Further discussion of Dr. LeCun's response to Dr. Gebru followed:
First, when someone gives you feedback, resist the urge to defend / explain yourself. See this explanation by @mekkaokereke : https://t.co/Hz4uyYHSIO
— Nicolas Le Roux (@le_roux_nicolas) June 23, 2020
Note that this is true "even when the criticism is unfounded".
Fifth, you asked to not be emotional, which is tone policing (https://t.co/StDExC6x3S), again known to maintain the balance of power. This also goes hand-in-hand with stereotypes about Black women (https://t.co/bw8ysYilt3)
— Nicolas Le Roux (@le_roux_nicolas) June 23, 2020
For those asking what is missing from Yann's original, very narrow framing of bias:https://t.co/4AxGfh2NiP
— Rachel Thomas (@math_rachel) June 23, 2020
Which led to responses that characterized Dr. LeCun's response as just an attempt at rational debate and dismissed the criticisms regarding Tone-Policing and Mansplaining as "social justice critique":
But this isn’t how reasoned debate works! This isn’t how actually convincing people of anything happens! I’m legitimately worried that the argumentative norms of the social justice movement are eroding the ability for people to actually debate ideas
— anon_tech_ML (@anon_ml) June 24, 2020
Which Dr. LeCun endorsed:

Dr. LeCun issued this statement soon after that:
I really wish you could have a discussion with me and others from Facebook AI about how we can work together to fight bias.

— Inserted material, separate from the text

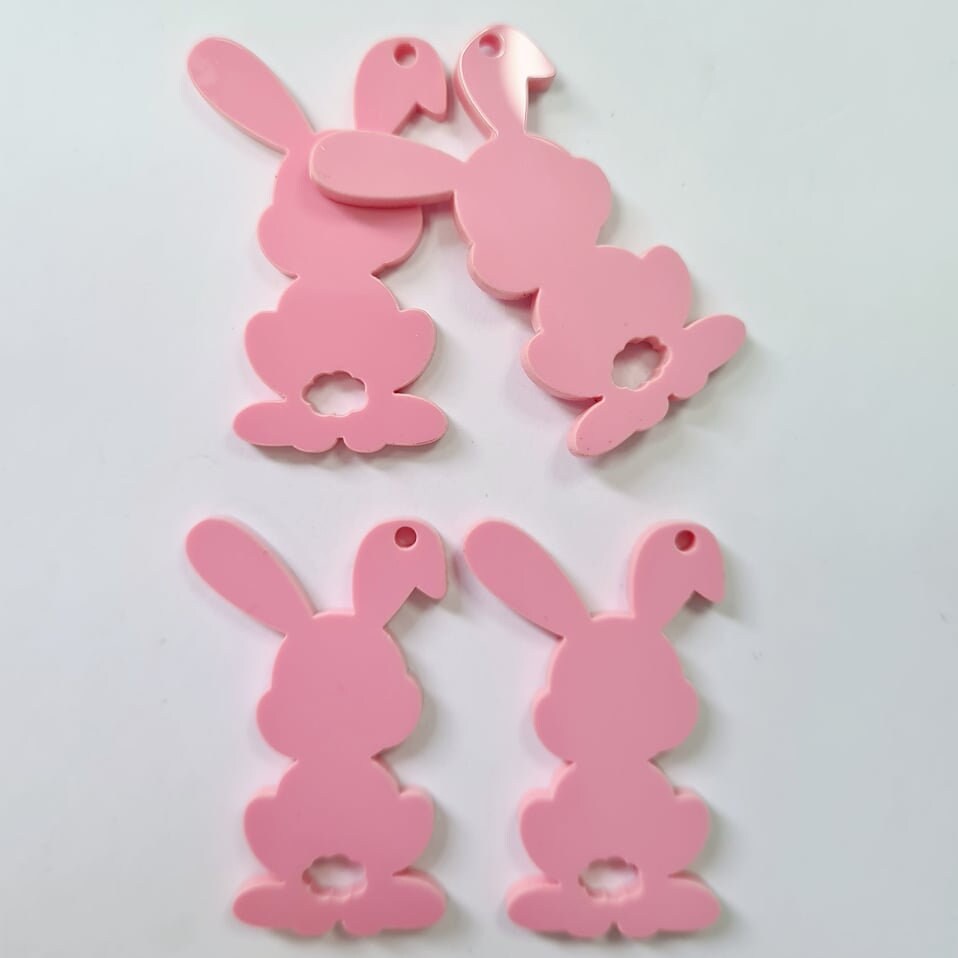 38mm PASTEL PINK Acrylic BUNNIES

— Yann LeCun (@ylecun) June 26, 2020
The PULSE model and this exchange were later covered in VentureBeat with the article "A deep learning pioneer’s teachable moment on AI bias".

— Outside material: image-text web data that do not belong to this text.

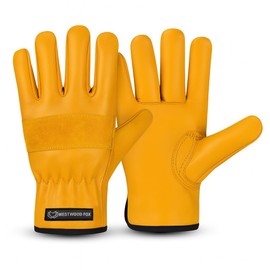 WESTWOOD FOX Work Gloves Men and Women - Gardening Gloves Thorn Resistant Safety Leather Durable Rigger Protective Gloves, Thorn Proof Gardening Gloves Strong (Yellow, S)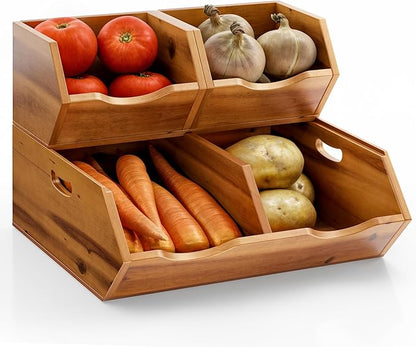 HOLANA Acacia Wood Potato and Onion Storage Bin, Potato Storage, Pantry Baskets, Vegetable Storage, Onion and Potato Storage Bins, Wooden Pantry Bins, Stackable Potato Bins (Patent Pending)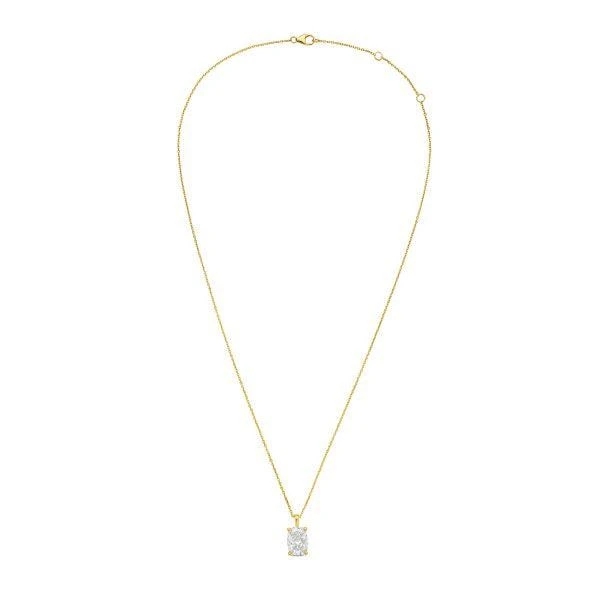 Diana M Jewels 14kt yellow gold lab grown cushion cut diamond pendant weighing 9.00 ct on a solid bail 2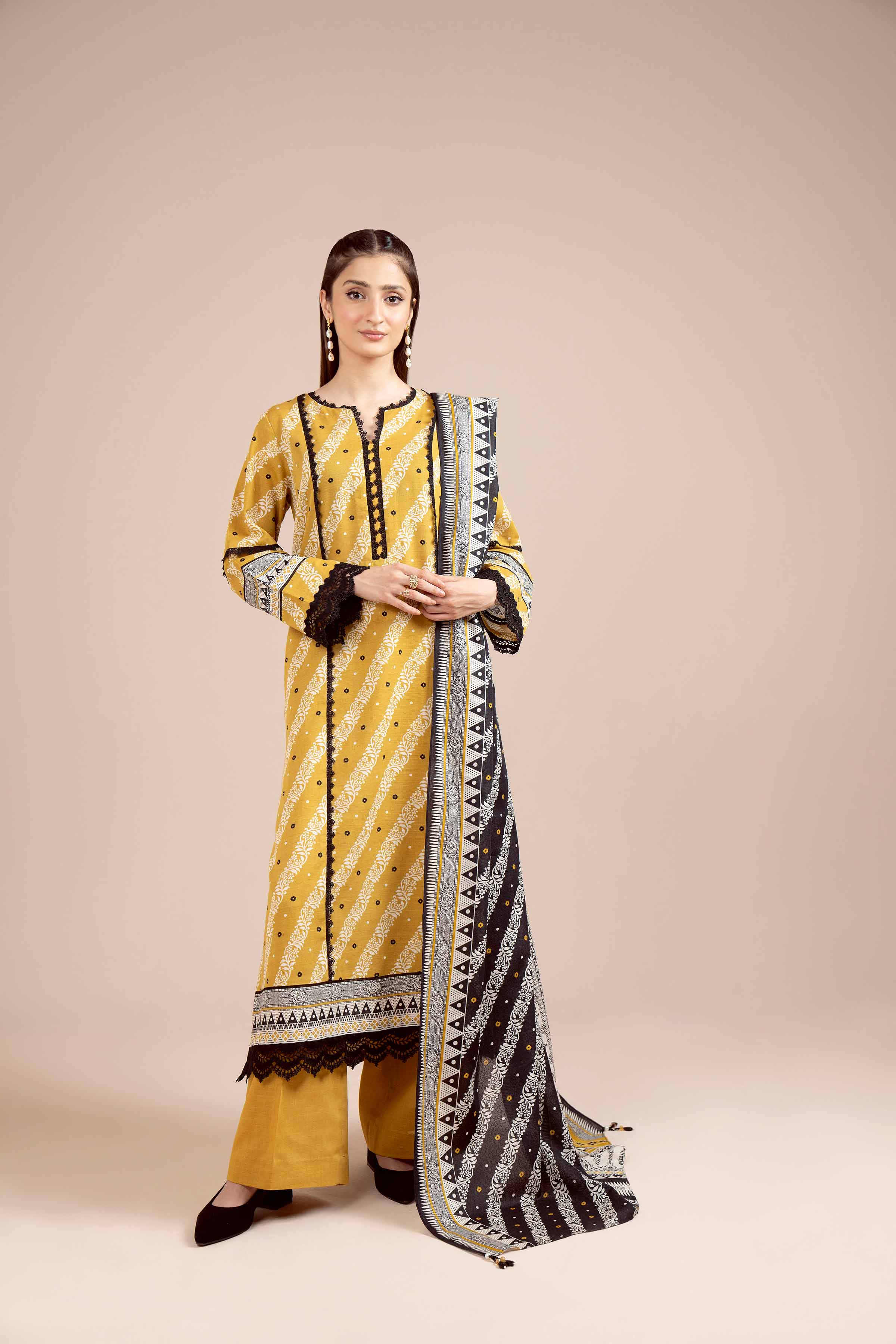 NishatUK - Yellow Ochre Printed Khaddar 3-piece unstitched Suit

Regardless of which stance you agree with, it makes sense to at least understand the criticisms directed at Dr. LeCun. From Racism 101: Tone Policing:
“Tone policing describes a diversionary tactic used when a person purposely turns away from the message behind her interlocutor’s argument in order to focus solely on the delivery of it.
...
Here’s a good rule of thumb: when you are out of line, you don’t get to set the conditions in which a conversation can occur. That’s privilege at play. You need to truly listen to how and where you went wrong, and then do better in future.”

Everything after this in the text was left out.